Everyone has unfulfilled dreams. Maybe the dreams are too costly or time-consuming: fly a plane, drive a race car. Maybe they’re too far-out: fight an alien space war, stalk a vampire. Or maybe they’re illegal: streak through the suburbs, hunt down the boss with a sawed-off shotgun. But the dreams are there, nonetheless, animating minds every day. This is why there is a multibillion-dollar industry that lets people explore these fantasies the best way technology allows. This is why there are video games.

Of course, video games don’t let people really live their dreams. They let gamers live in developer’s simulation of a dream. The action is digital. It’s confined to a computer or a television or a handheld device. Players experience it through their eyes, ears, and fingertips. But when they’re done careening down the Daytona Speedway or storming an interstellar military base, they feel as if they’ve really been somewhere, as if they’ve momentarily transcended their sac of fat and bones, their office politics, their mounting bills. Games let them escape, learn, recharge. Games are necessary.

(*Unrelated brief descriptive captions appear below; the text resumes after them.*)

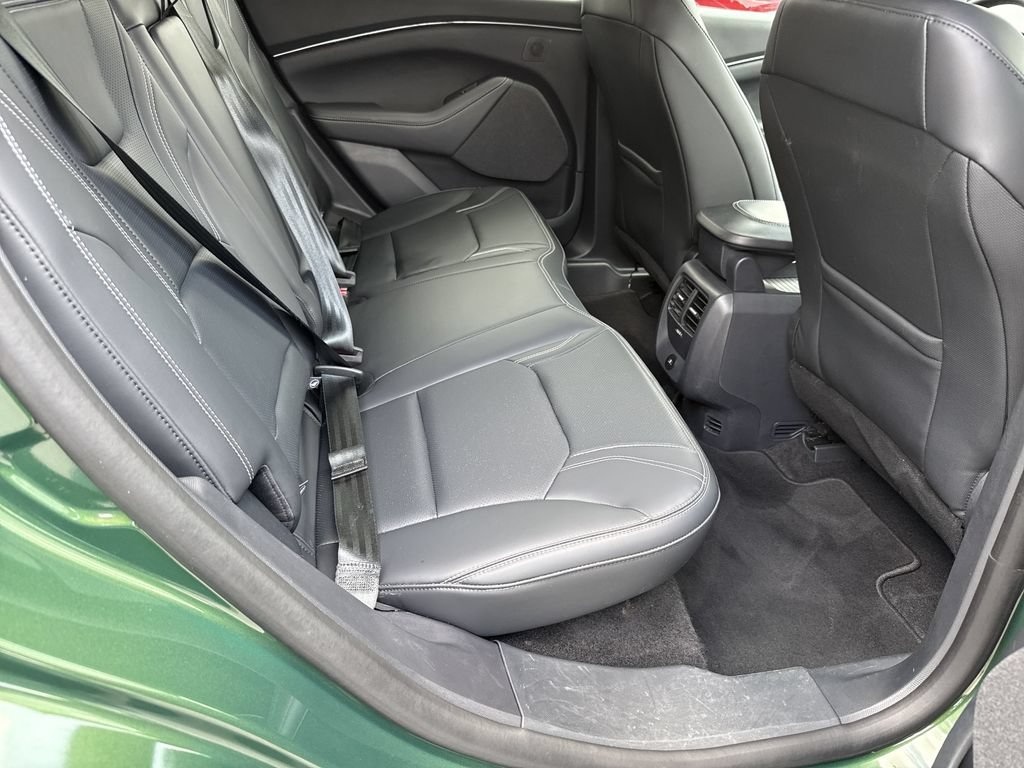 Used 2025 Ford Mustang Mach-E Premium AWD/4WD image 15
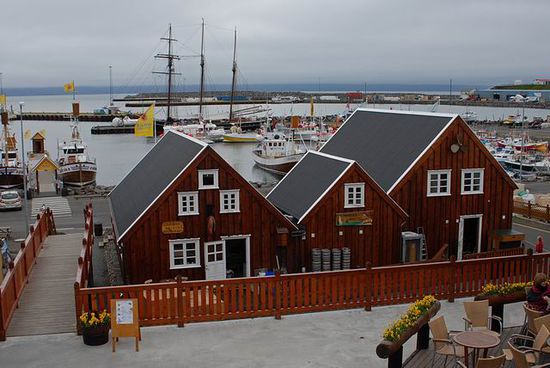 Husavik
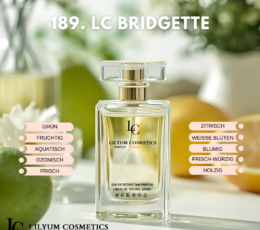 189. LC Bridgette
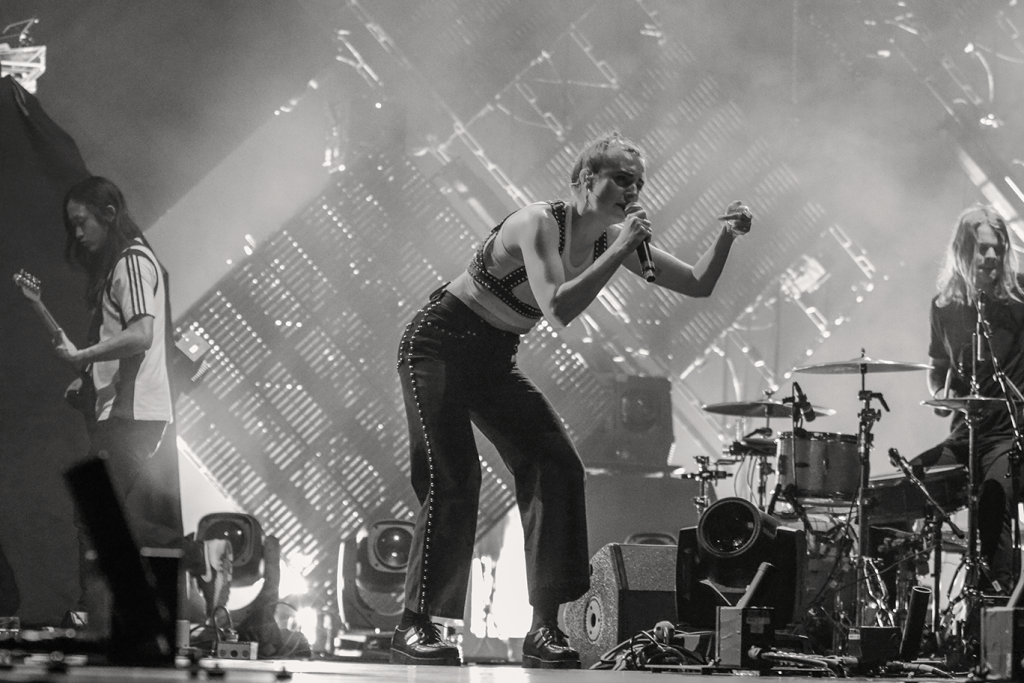 MØ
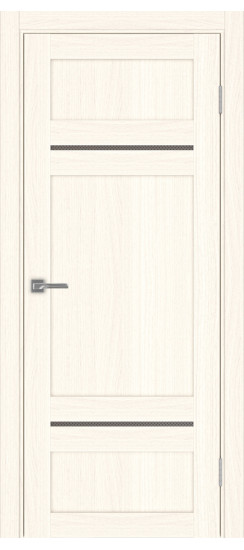 Межкомнатная дверь Турин_532.12121.30  Ясень светлый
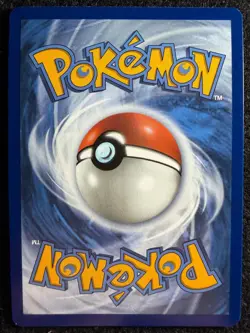 Gengar 050/088 Reverse Holo Perfect Order Pokemon Rare NM - Image 3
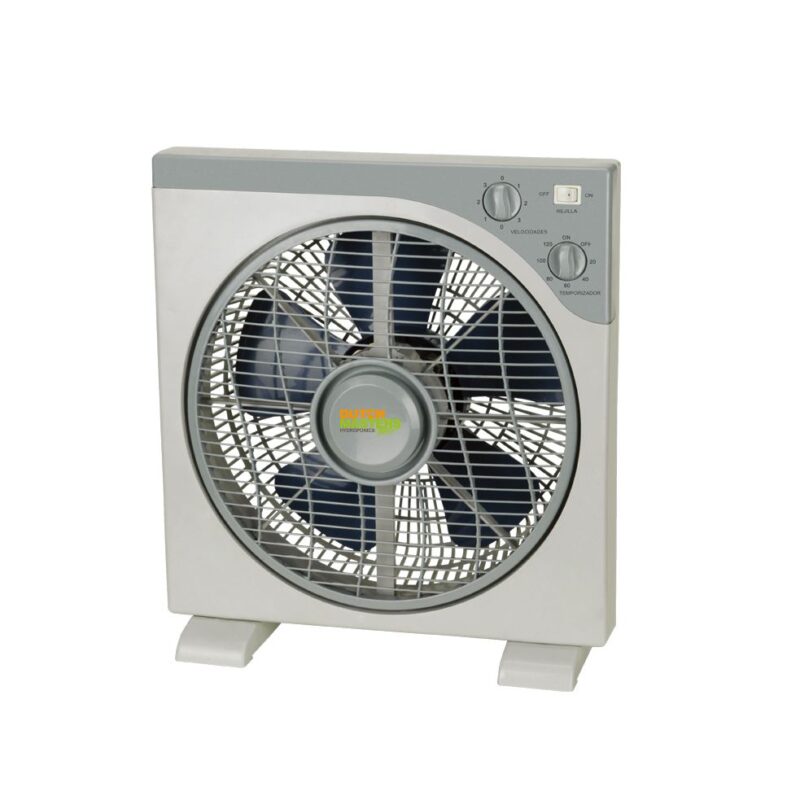 Dutch Masters Box Fan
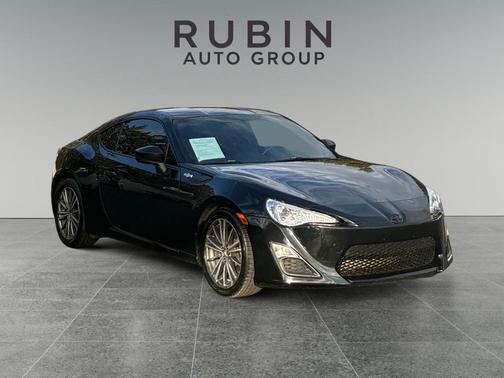 2016 Scion FR-S Base
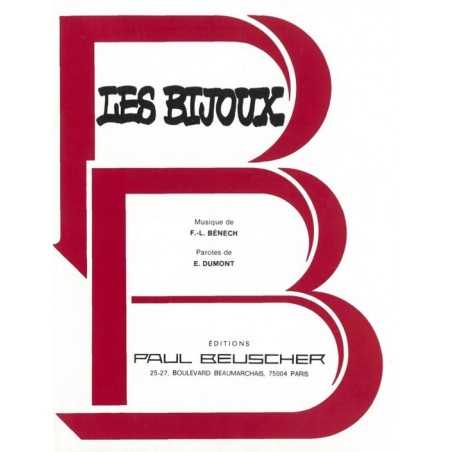 LES BIJOUX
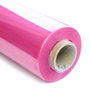 Antistat ESD Sztreccsfólia (H x Sz) 30 m x 500 mm Rózsa 30 m bélyegkép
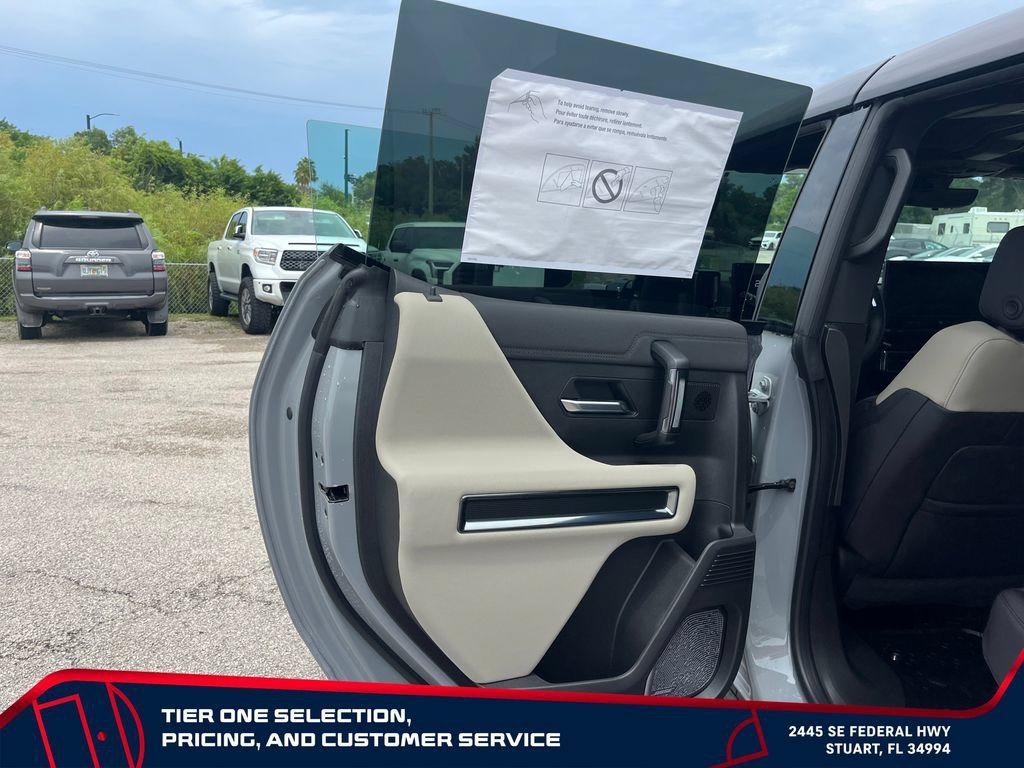 2026 GMC HUMMER EV 2X - Photo 27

This belief has existed since ancient Greece, when Plato said, “Everyman and woman should play the noblest games and be of another mind from what they are at present.” In the fifties, the anthropologist Johan Huizinga wrote that “play…is a significant function…which transcends the immediate needs of life and imparts meaning to the action. All play means something.” He suggested a new name for the human species: “Homo Ludens,” Man the Player. Marshall McLuhan wrote in the sixties that “a society without games is one sunk in the zombie trance of automation…Games are popular art, collection, social reactions to thee main drive or actions of any culture…The games of a people reveal a great deal about them…[They] are a sort of artificial paradise like Disneyland or some Utopian vision by which we interpret and complete the meaning of our daily lives.”

Entertainment Weekly said, “Quake delivers the most carnage you can revel in without having to deal with actual jail time. No wonder bored office workers across the country love it.”

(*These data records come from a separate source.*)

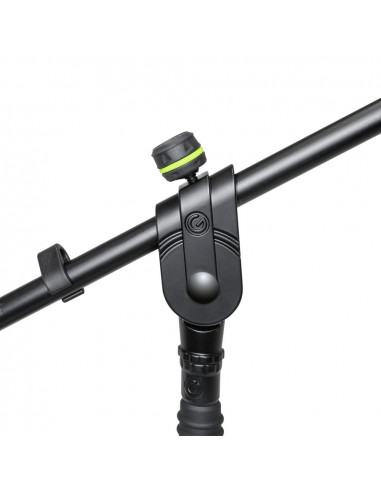 Gravity MS 4322B Tripé de Microfone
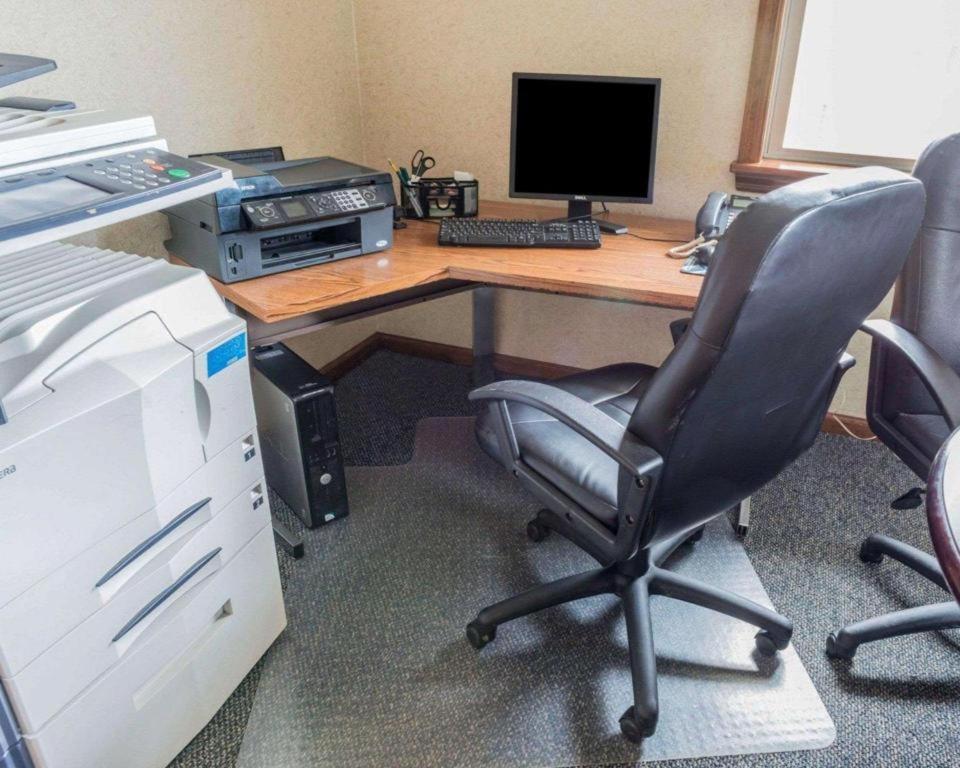 Quality Inn Royle Kittanning Экстерьер фото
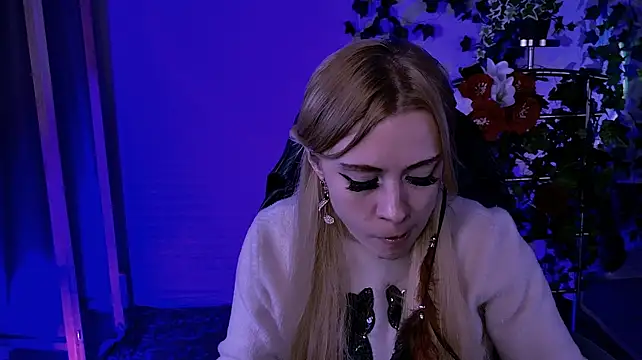 Kumiho_7777 – webcam-show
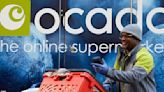 Ocado cuts losses, ups cashflow guidance as online grocery shift 'has resumed'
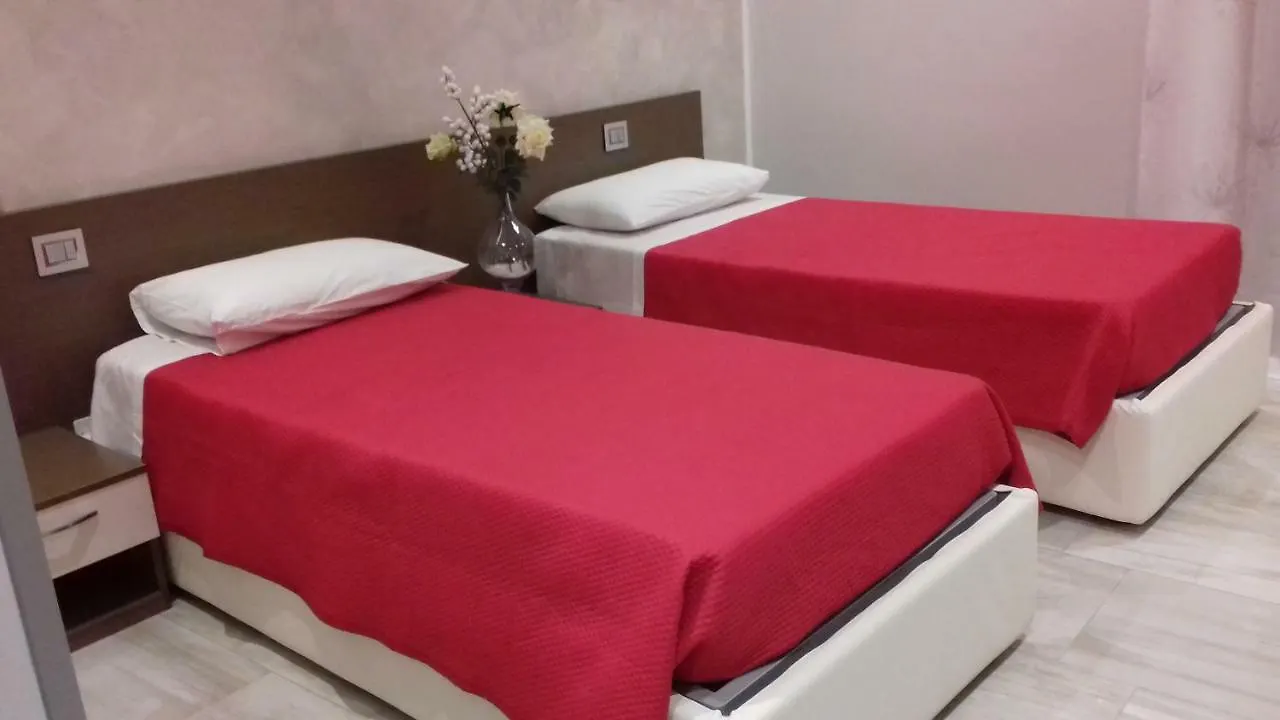 Bed & Breakfast B&B Tre Passi Verona Italië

Carmack disdained talk of highfalutin things like legacies but when pressed would allow at least one thought of his own. “In the information age, the barriers just aren’t there,” he said. “The barriers are self-imposed. If you want to set off and go develop some grand new thing, you don’t need millions of dollars of capitalization. You need enough pizza and Diet Coke to stick in your refrigerator, a cheap PC to work on, and the dedication to go through with it. We slept on floors. We waded across rivers.”

“It really comes down to work ethic,” he said. “If you’ve got two equally talented people and one works twice as hard as the other, that person is going to run away from the other person.”

This wasn’t just a game, this was a world–a relatively (and alluringly) undocumented world–filled with characters and stories and dreams and rivalries. That world led me to the Two Johns.

I spent the next six years exploring and chronicling the lives and industry of gamers. It was both amazing and frustrating to me that this multibillion-dollar business and culture remained such a mystery to so many people, and that mystery was breeding confusion and misperceptions everywhere I turned. To me, the story of John Carmack and John Romero was a classic American adventure that captured the birth of a new medium and the coming of age of two compelling and gifted young people. By telling it, I hoped to give gamers the respect and understanding they deserved. And I wanted the reader to have a good time.